## Captioned web image data

════════

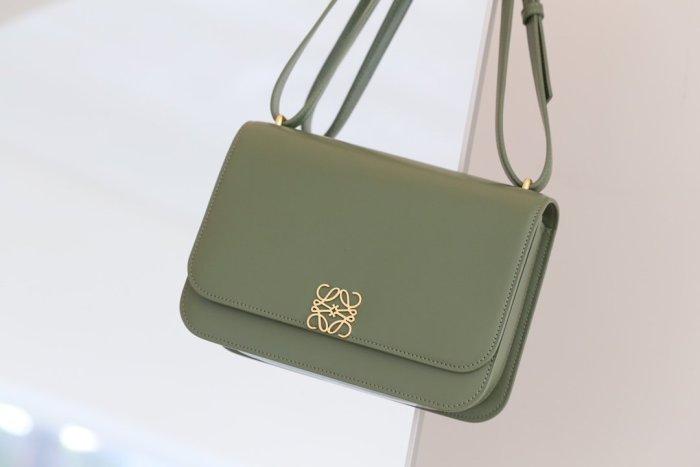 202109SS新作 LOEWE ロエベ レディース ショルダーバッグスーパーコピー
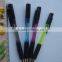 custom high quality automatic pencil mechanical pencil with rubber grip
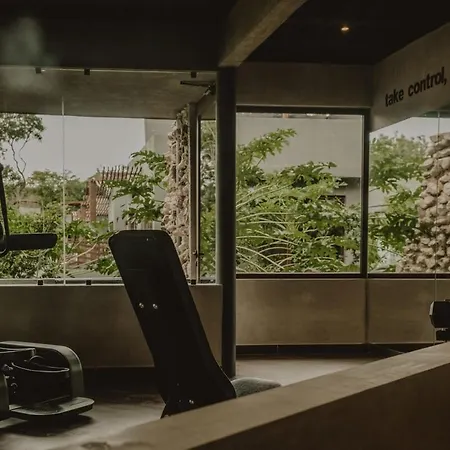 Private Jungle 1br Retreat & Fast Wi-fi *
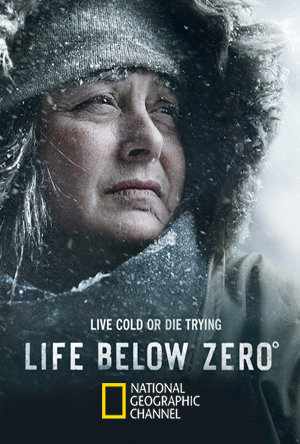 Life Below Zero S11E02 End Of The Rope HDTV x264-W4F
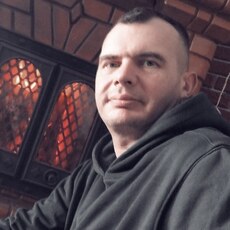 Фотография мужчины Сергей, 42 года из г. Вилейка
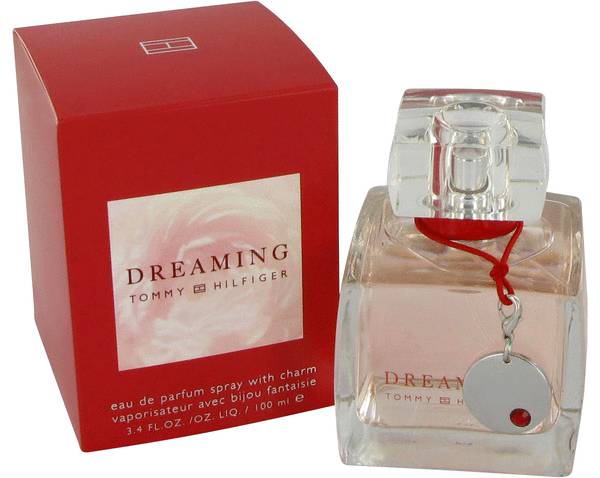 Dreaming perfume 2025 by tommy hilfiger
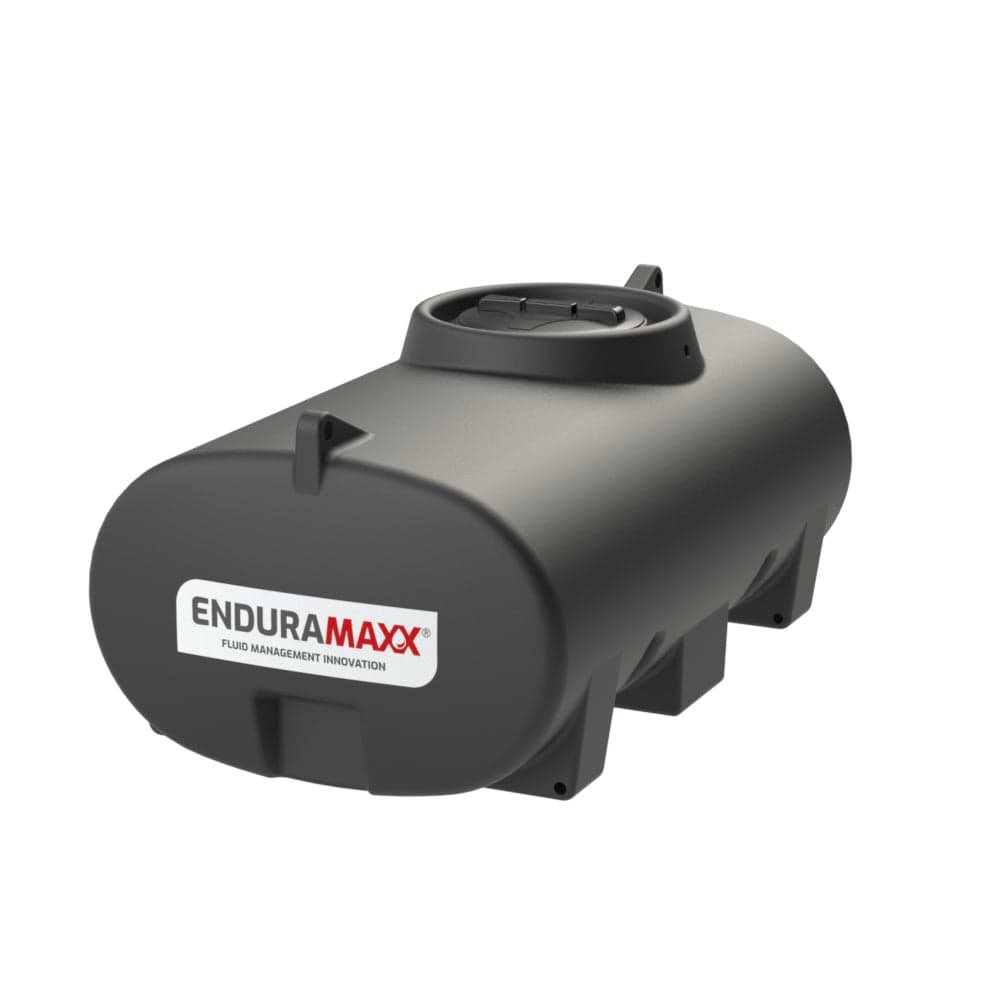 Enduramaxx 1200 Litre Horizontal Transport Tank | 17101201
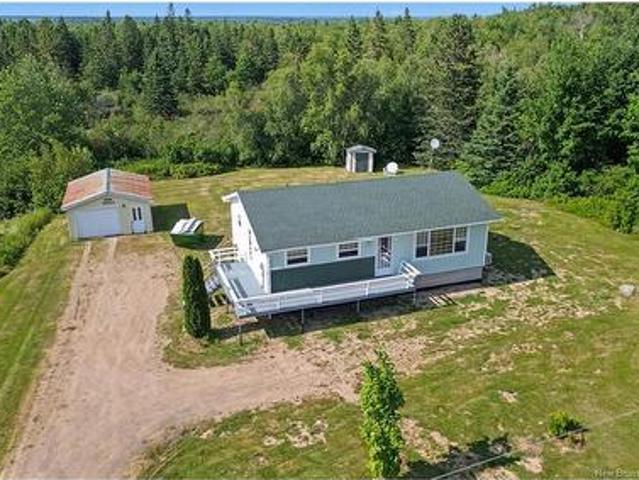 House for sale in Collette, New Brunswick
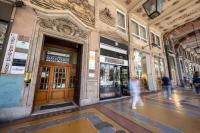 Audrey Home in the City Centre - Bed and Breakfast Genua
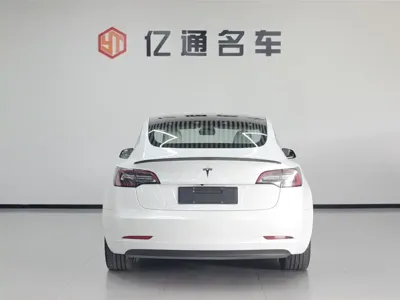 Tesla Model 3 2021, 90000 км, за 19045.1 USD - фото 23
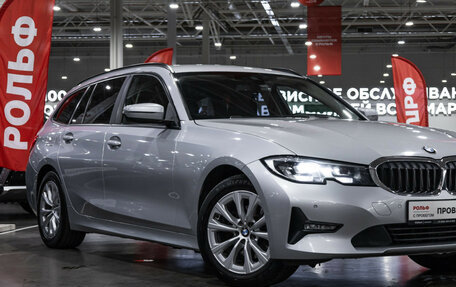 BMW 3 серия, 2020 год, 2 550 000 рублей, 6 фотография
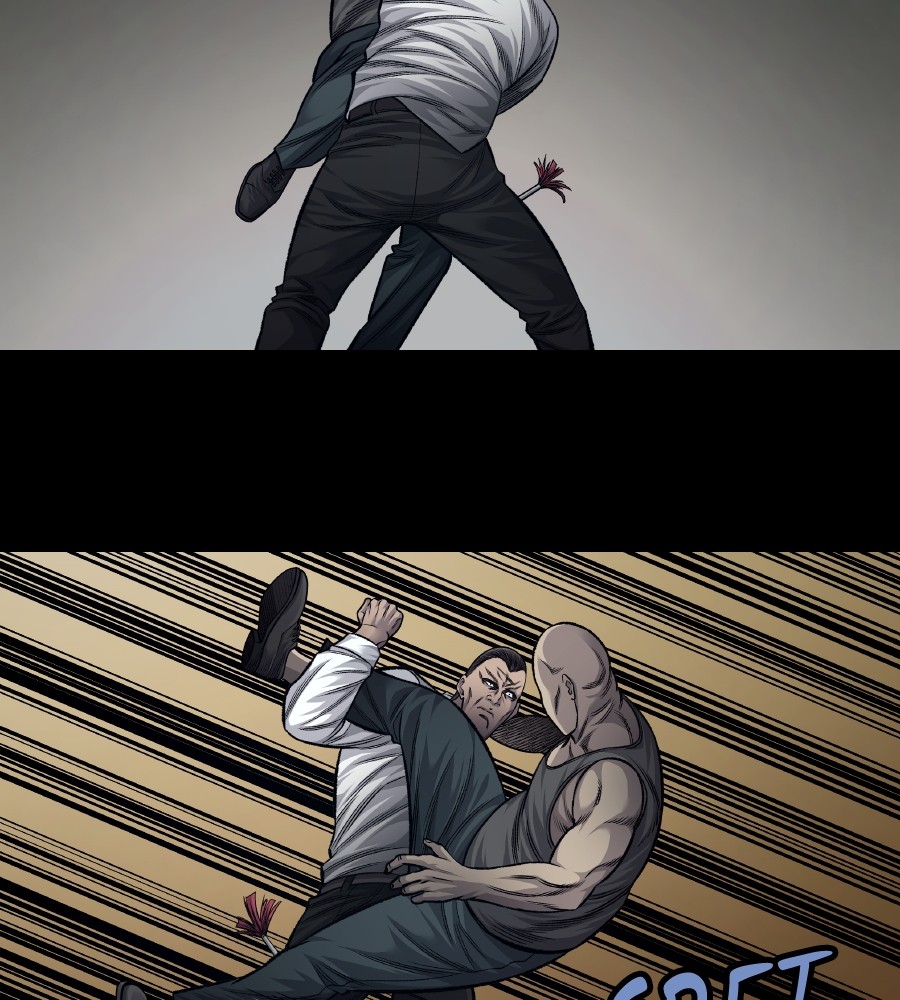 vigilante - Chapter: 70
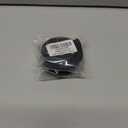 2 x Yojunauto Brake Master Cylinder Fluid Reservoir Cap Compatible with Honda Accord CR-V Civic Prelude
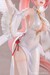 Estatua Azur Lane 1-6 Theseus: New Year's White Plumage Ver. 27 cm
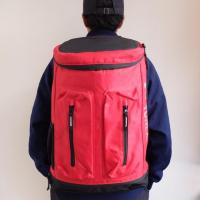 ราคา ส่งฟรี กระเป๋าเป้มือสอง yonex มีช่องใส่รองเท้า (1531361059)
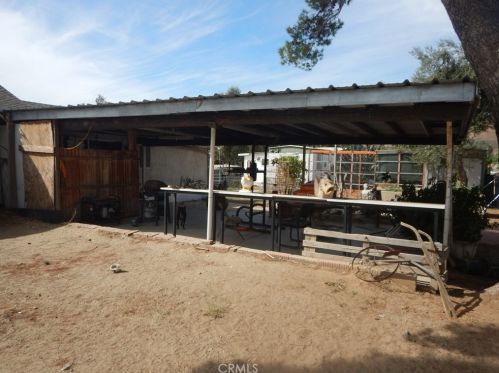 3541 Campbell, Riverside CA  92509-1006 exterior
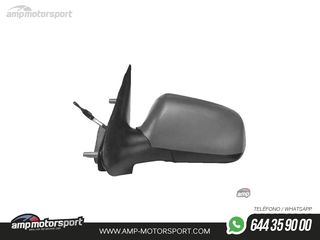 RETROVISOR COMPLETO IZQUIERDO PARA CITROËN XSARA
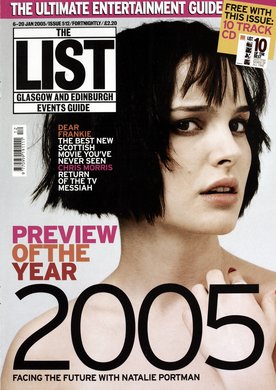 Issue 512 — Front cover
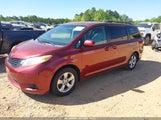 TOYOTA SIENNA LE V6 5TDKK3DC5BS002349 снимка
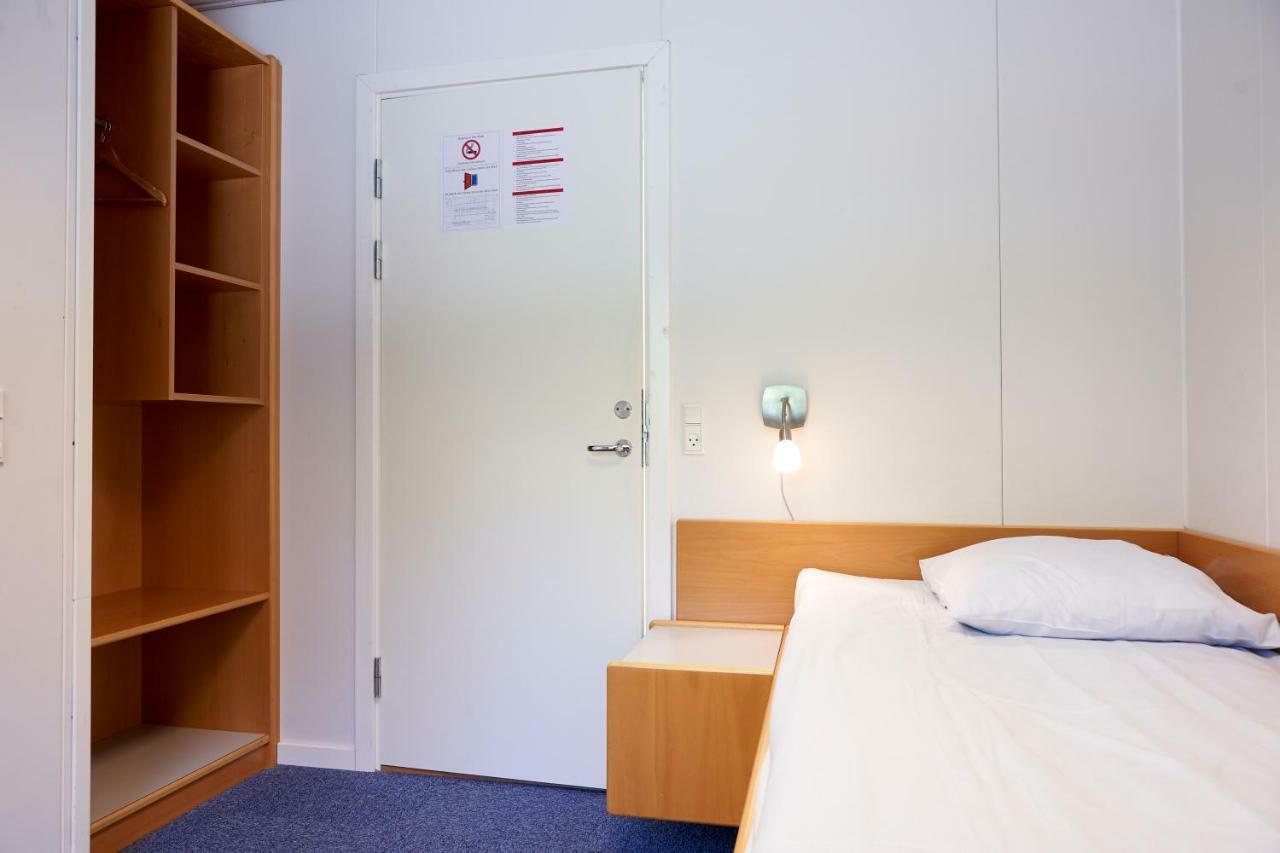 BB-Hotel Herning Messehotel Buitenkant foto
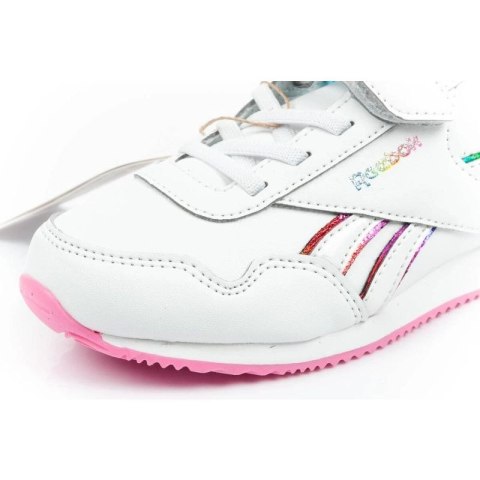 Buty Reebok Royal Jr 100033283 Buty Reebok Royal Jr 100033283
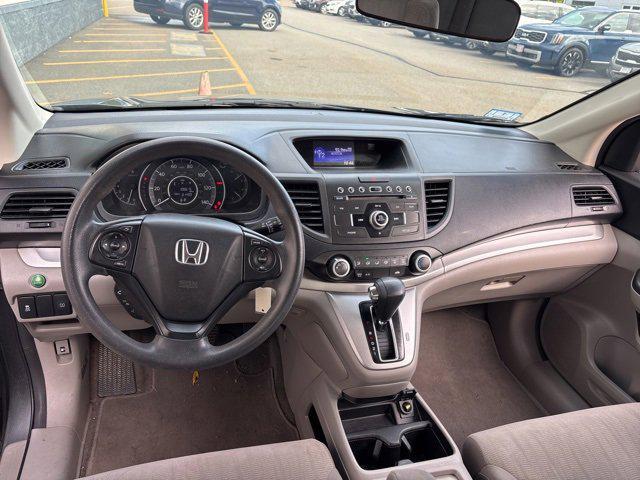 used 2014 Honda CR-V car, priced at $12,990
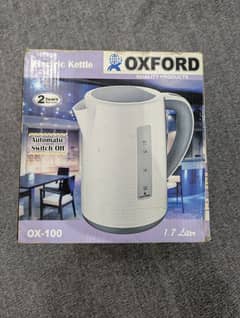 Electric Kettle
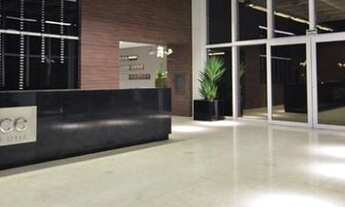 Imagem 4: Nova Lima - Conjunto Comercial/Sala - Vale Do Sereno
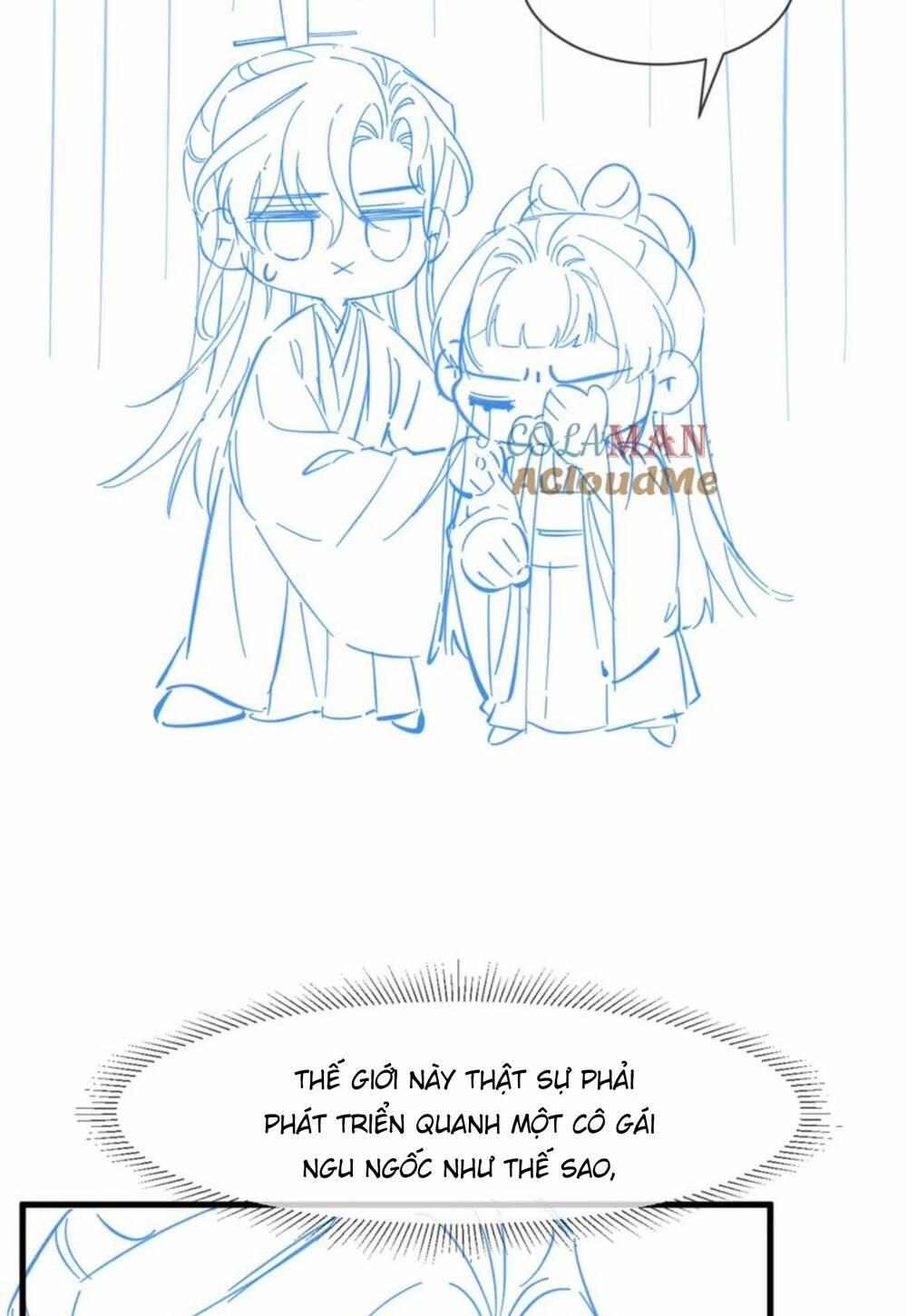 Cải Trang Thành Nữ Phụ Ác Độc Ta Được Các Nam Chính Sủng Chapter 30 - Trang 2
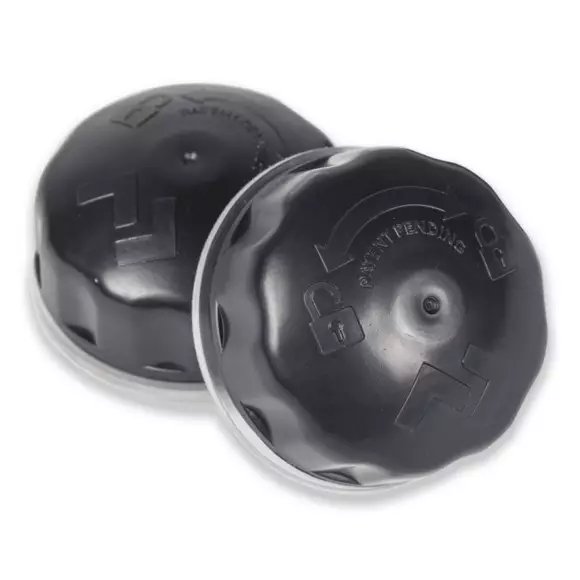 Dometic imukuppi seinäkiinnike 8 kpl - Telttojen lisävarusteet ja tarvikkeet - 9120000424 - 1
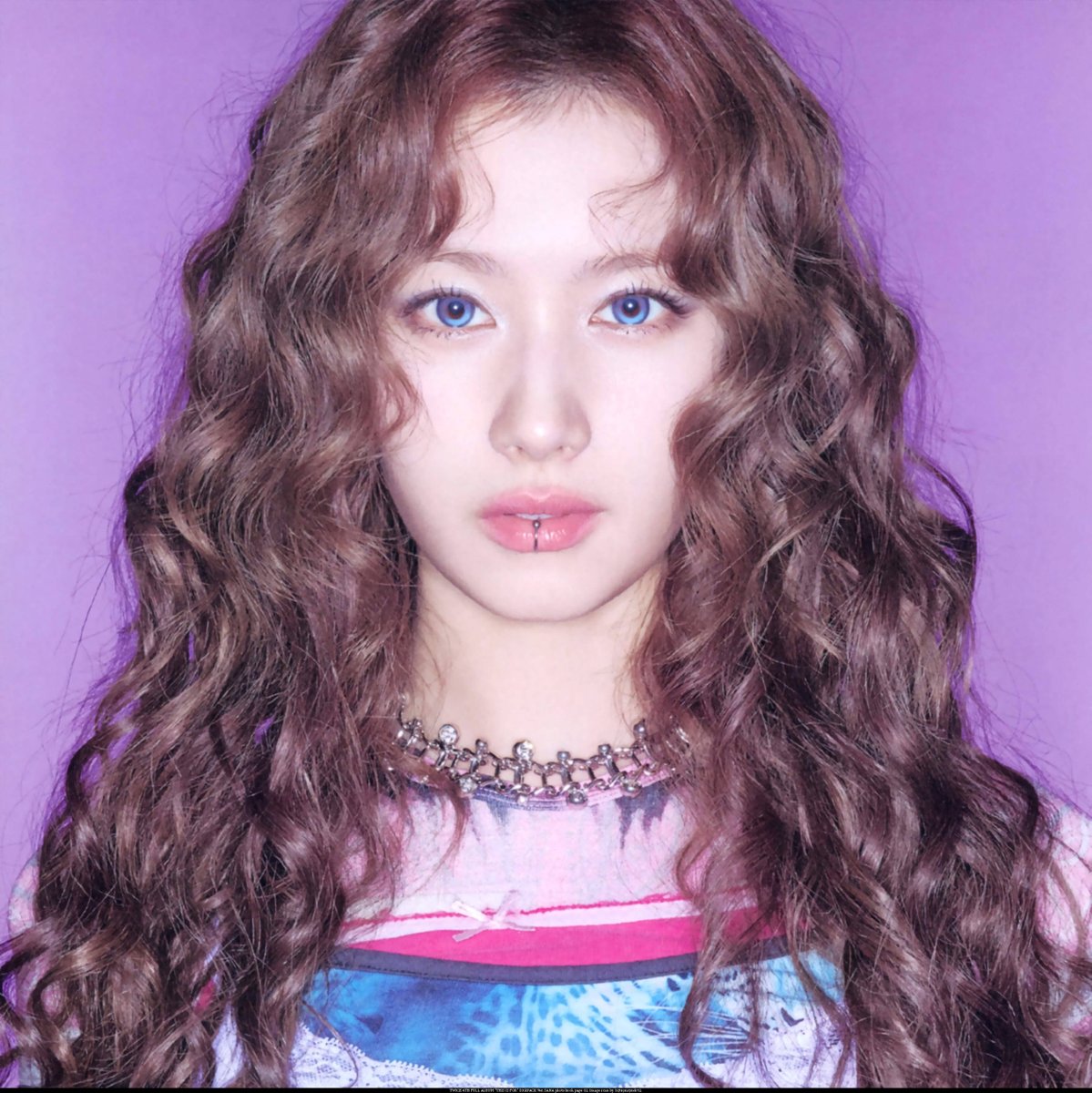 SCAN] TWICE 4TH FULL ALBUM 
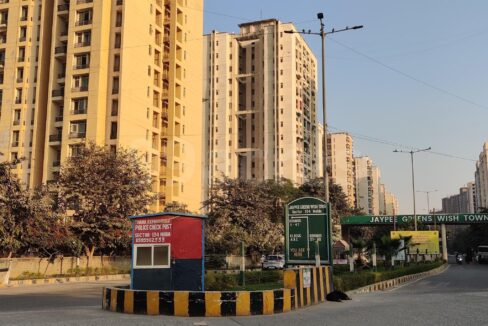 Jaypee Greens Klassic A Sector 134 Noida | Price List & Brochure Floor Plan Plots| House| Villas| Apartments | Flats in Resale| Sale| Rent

════════

## Work order
Take the records above from the line with "Imagem 4: Nova" down to their last line and please copy those lines exactly, without the pictures.

## Output
 Imagem 4: Nova Lima - Conjunto Comercial/Sala - Vale Do Sereno
 Cải Trang Thành Nữ Phụ Ác Độc Ta Được Các Nam Chính Sủng Chapter 30 - Trang 2
 Dometic imukuppi seinäkiinnike 8 kpl - Telttojen lisävarusteet ja tarvikkeet - 9120000424 - 1
 SCAN] TWICE 4TH FULL ALBUM 
 Jaypee Greens Klassic A Sector 134 Noida | Price List & Brochure Floor Plan Plots| House| Villas| Apartments | Flats in Resale| Sale| Rent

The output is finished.